Drumcree honours a republican

The church on the hill is synonymous with Orange Order defiance, but the Protestant community's most celebrated son turns out to have owed his loyalties to the other side, reports Henry McDonald
Northern Ireland: special report

Drumcree, the citadel of anti-Agreement loyalism, has now become a shrine for the Orange Order's republican enemies.

Republicans are set to pay homage at Drumcree parish church to one of the founding fathers of the Young Ireland movement, John Mitchel.

Under the noses of Orange protesters at Drumcree hill, several republicans from Newry visited the church last week to check parish records in order to confirm that Mitchel was married at the church.

Republicans organising an exhibition on his life travelled to Portadown last week. They learnt that Mitchel, who was transported from Ireland by the British for rebellion, was married in the church in 1837. His bride, 16-year-old Jane Verner, came from a prominent Orange Order family in Co Armagh.

The Rev John Pickering, the current rector at Drum cree, said the republicans who came to check the records were 'extremely courteous'. He added: 'They came to look at our records and the entry on John Mitchel and when he was married. They simply just wanted to see the book because they are planning an exhibition on Mitchel's life in Newry later this year.'

Pickering said he was glad to open the books to the republicans 'because our histories are entangled and I have an interest in history'.

He added that no one has yet approached him from the republican side over a future commemoration at the church in Mitchel's honour.

Mitchel, a Newry-based solicitor and son of a Presbyterian minister, was an outspoken republican involved in armed conspiracy to overthrow the British in Ireland. In 1848 he was sentenced to 14 years for treason and initially transported to Australia. However, he escaped to America and was only allowed to return to Ireland 40 years later, when he was given a hero's welcome.

Following his return, Mitchel was elected Westminster MP for Tipperary but died a short time later.

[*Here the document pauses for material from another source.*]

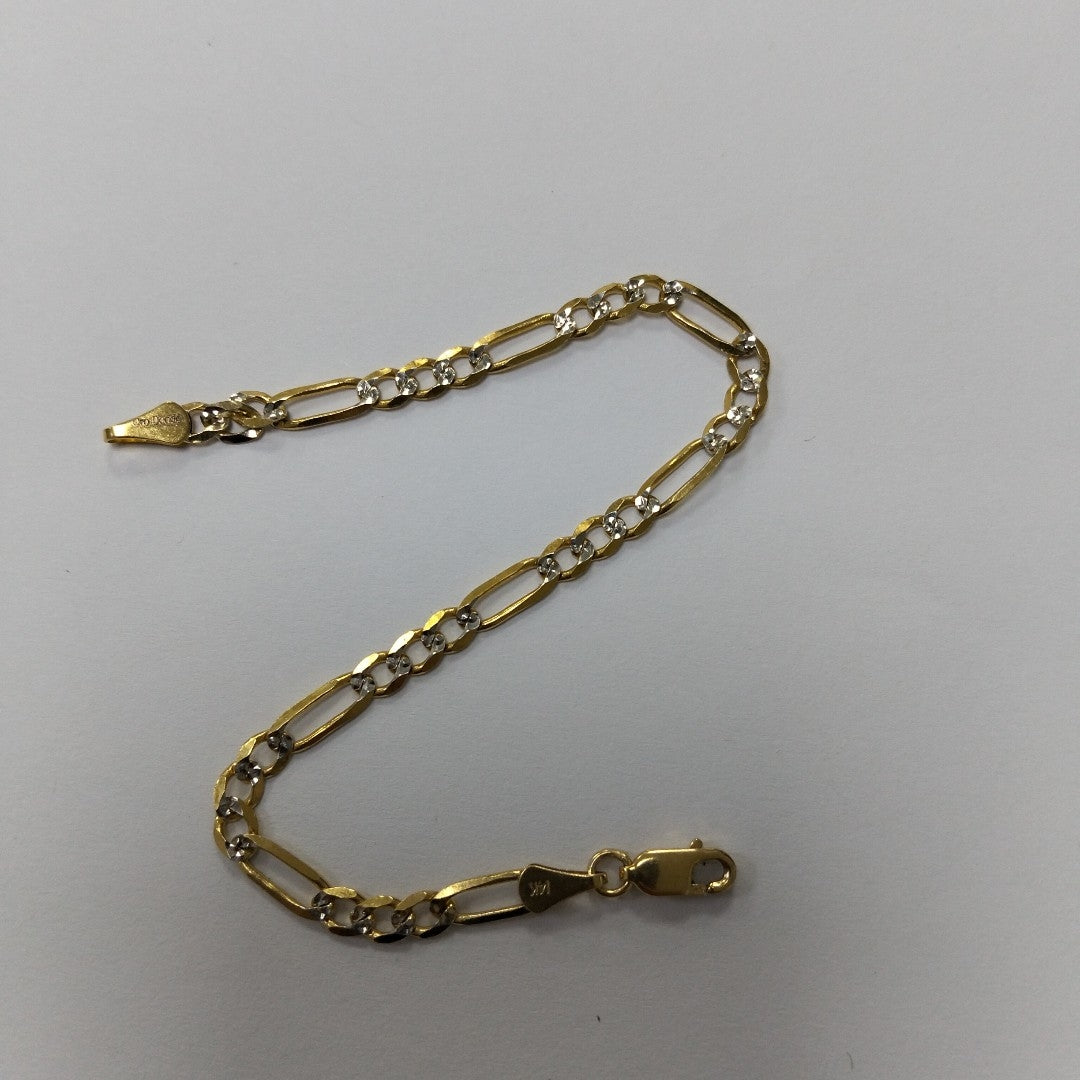 PULSERA 3X1 14K 18 CM 3.9 GR (NUEVO)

He married his child bride, whom he had tried to elope with a year before when she was just 15, at Drumcree because it was her home parish. Jane Verner came from a staunchly unionist, Orange, Church of Ireland Episcopalian family in the county, while Mitchel was a Unitarian.

Mitchel is buried in Newry's Protestant Unitarian graveyard where republicans hold an annual commemoration. There is also a statue of the 19th-century republican icon in the centre of the town of his birth.

Republicans in Newry said the marriage of Mitchel and Verner at Drumcree had reso nance for Ireland in the 21st century.

One republican said: 'Here are two people from a unionist background who held radical, republican beliefs and suffered for that. In fact, they symbolised the possibility of reaching out to the other side.'

Such is the sensitivity of the issue that the republicans involved will not disclose their names or say whether or not they are connected to Sinn Fein.

David Jones, the spokesman for the Orange Order in Portadown, said it was ironic that republicans could come to Drumcree church to check parish records but local Orangemen could not walk down the nearby, mainly nationalist, Garvaghy Road.

'I can't really object to someone coming to the church to check the records, Orangemen do that all the time in parishes across the province.

'Even during the day ordinary residents of the Garvaghy Road can walk their dogs past the church freely but if I tried to walk down the Garvaghy Road even without an Orange collarette on I would be taking my life in my hands.

'There is a rumour in the town that this republican group from Newry wants to march from Garvaghy Road to the church to commemorate Mitchel. All I can say is it's ironic if they're looking for a right to march while we can't parade in our home town.'

Jones added that Orangemen would be intensifying their protests at Drumcree over the next few weeks as the marching season begins. His members were determined to 'stay on the hill' despite the ban against the local lodge marching down Garvaghy Road.